◆ What to produce: Output the whole listing below exactly, omitting the images.

---------- Study material

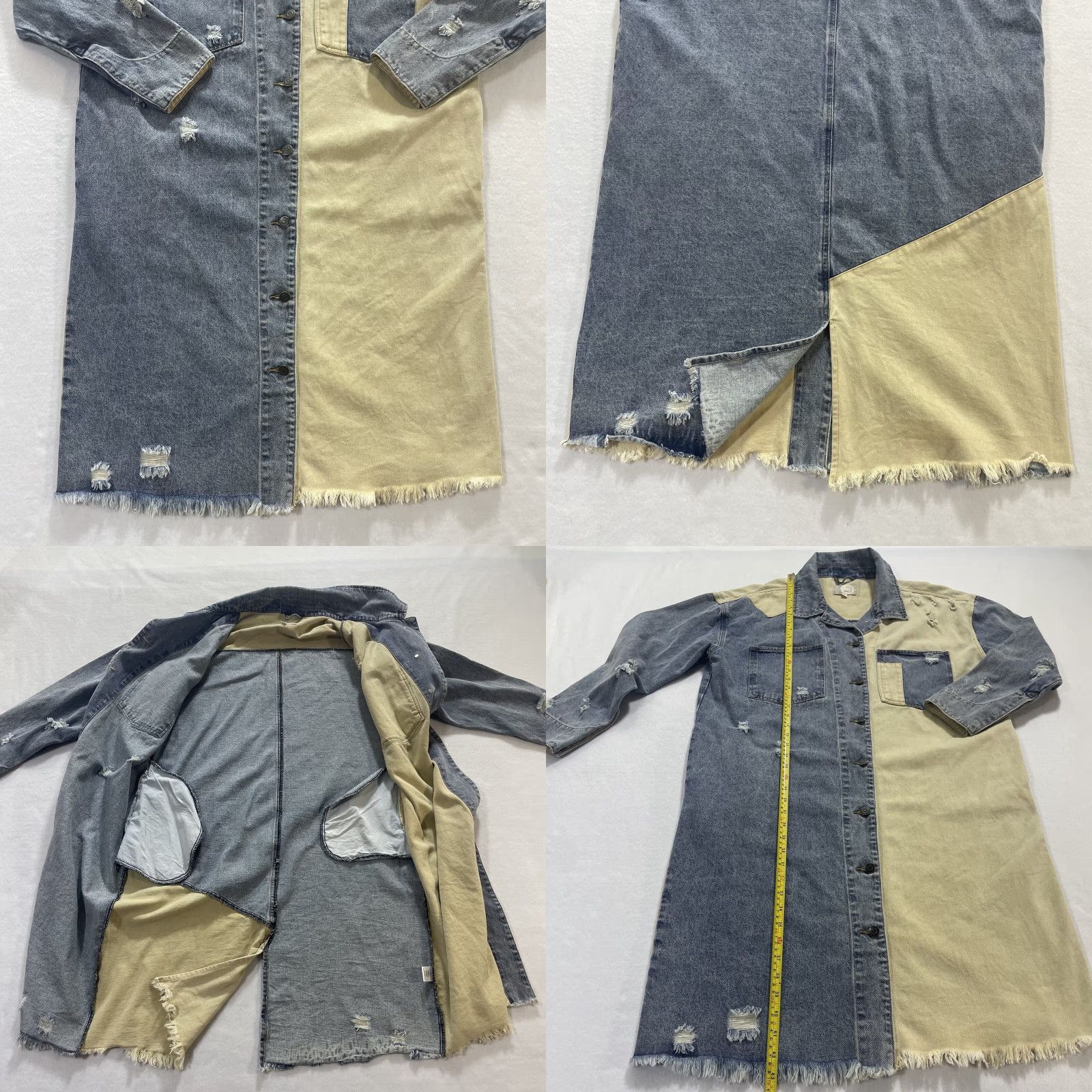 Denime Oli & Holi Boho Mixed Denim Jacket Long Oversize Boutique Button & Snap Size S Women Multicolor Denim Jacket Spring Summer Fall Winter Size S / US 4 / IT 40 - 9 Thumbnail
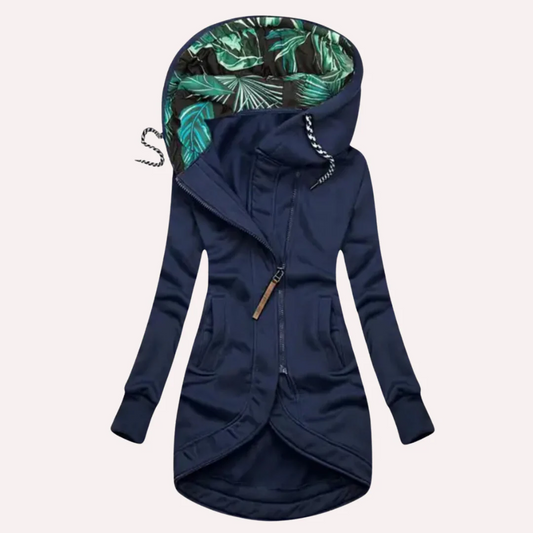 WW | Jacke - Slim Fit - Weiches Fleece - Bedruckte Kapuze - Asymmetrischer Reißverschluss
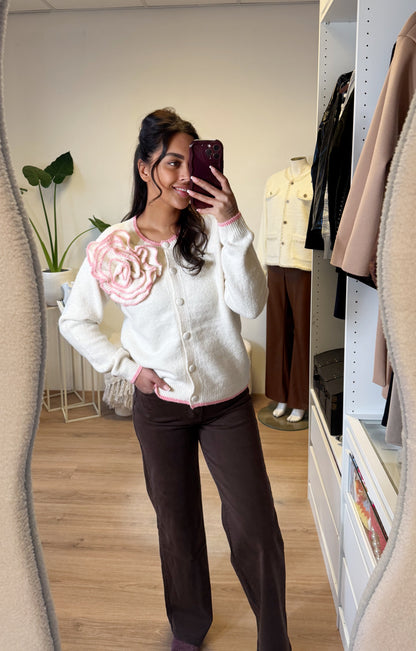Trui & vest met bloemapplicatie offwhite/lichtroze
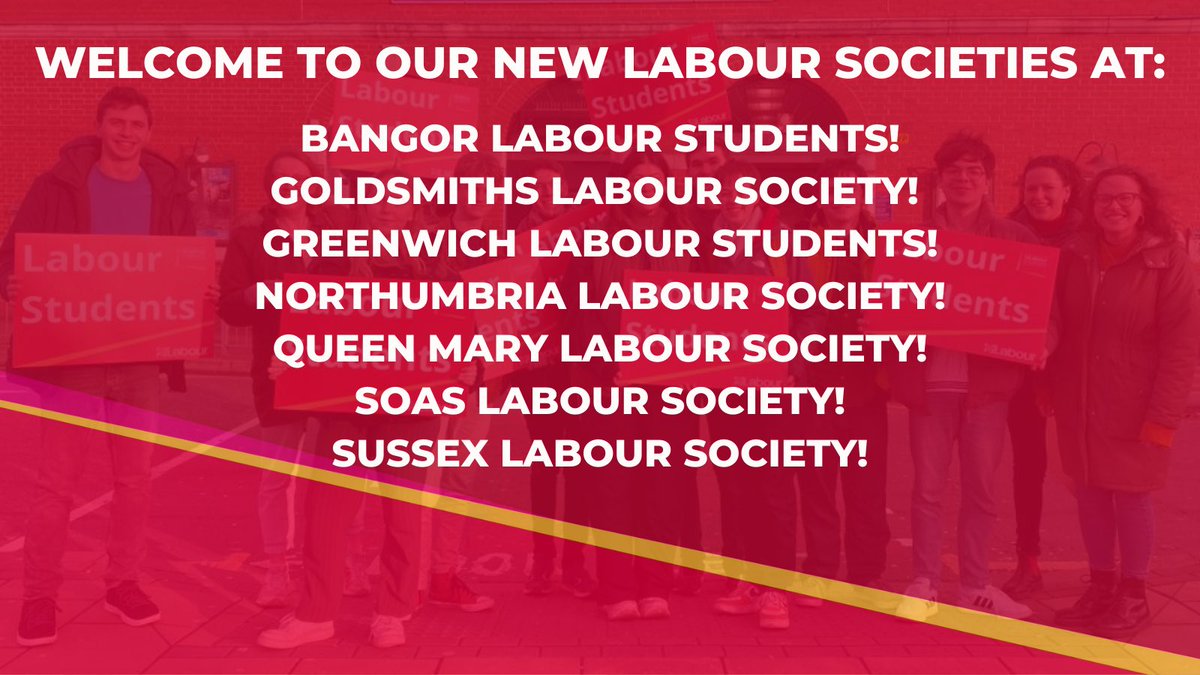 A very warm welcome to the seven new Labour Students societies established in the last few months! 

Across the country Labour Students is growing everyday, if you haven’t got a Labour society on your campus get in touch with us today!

--------------------

◆ Answer box:
 Denime Oli & Holi Boho Mixed Denim Jacket Long Oversize Boutique Button & Snap Size S Women Multicolor Denim Jacket Spring Summer Fall Winter Size S / US 4 / IT 40 - 9 Thumbnail
 WW | Jacke - Slim Fit - Weiches Fleece - Bedruckte Kapuze - Asymmetrischer Reißverschluss
Trui & vest met bloemapplicatie offwhite/lichtroze
 A very warm welcome to the seven new Labour Students societies established in the last few months! 

Across the country Labour Students is growing everyday, if you haven’t got a Labour society on your campus get in touch with us today!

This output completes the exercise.